Table III Communication Systems from terrestrial cellular to unmmaned aircraft systems (UASs) to civil aviation [6].

The state-of-the-art coherent and non-coherent techniques designed for high-mobility communication networks are surveyed in Fig. 1. More explicitly, in the face of high Doppler frequency, the training-based Channel State Information (CSI) estimation that assumes a block fading may suffer from irreducible error floor in time-varying fading channels.
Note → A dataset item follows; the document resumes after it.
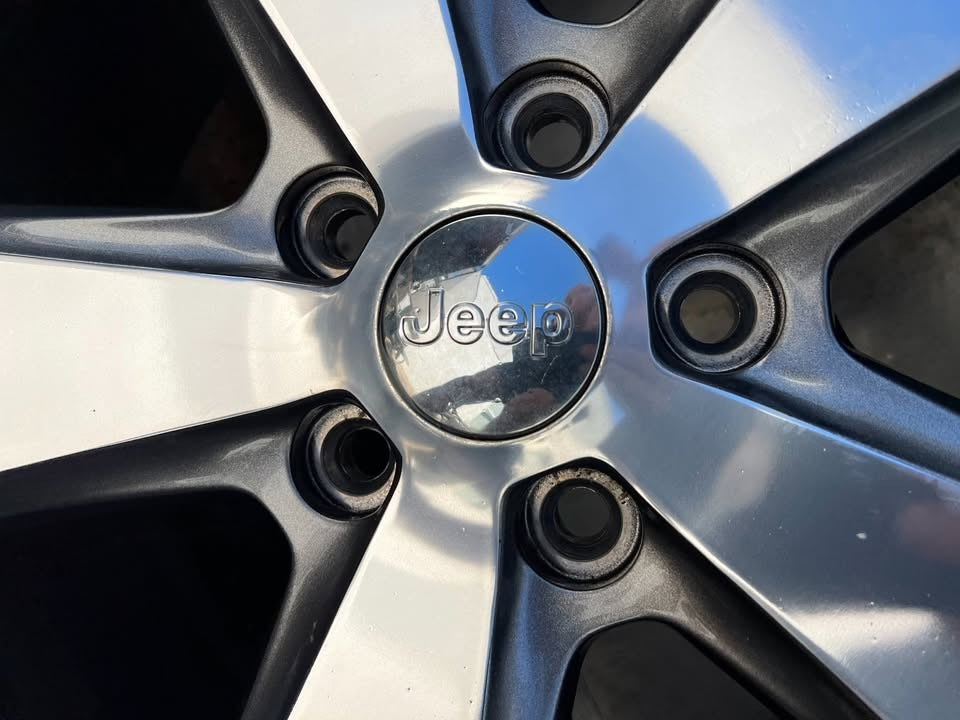 Jeep Grand Cherokee 20” Alloy Wheels with A/T Tyres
Similar trends are also valid for Conventional Differential Detection (CDD) that detects a single data symbol based on (Nw = 2) received samples. Against this background, the pilot-based techniques constitute better choices, where the pilot symbols that are known to the receiver are periodically transmitted, while the FIR filter at the receiver may estimate and interpolate the fading channel based on Least Square (LS), Minimum Mean Square Error (MMSE) and recursive algorithms. For the differential schemes dispensing with explicit CSI estimation, Multiple-Symbol Differential Detection (MSDD) improves the performance of CDD by jointly detecting a total of (Nw − 1) data symbols based on (Nw > 2) observations. In order to mitigate the excessive MSDD complexity, Multiple-Symbol Differential Sphere Detection (MSDSD) invokes a Sphere Decoder (SD). Furthermore, the prediction-based Decision-Feedback Differential Detection (DFDD) technique opts for invoking the MMSE CSI estimation technique relying on the past decisions. We note that DFDD is a special case of MSDD using decision-feedback.


Figure 1 The state-of-the-art coherent and non-coherent technologies for high-mobility communication networks. [8].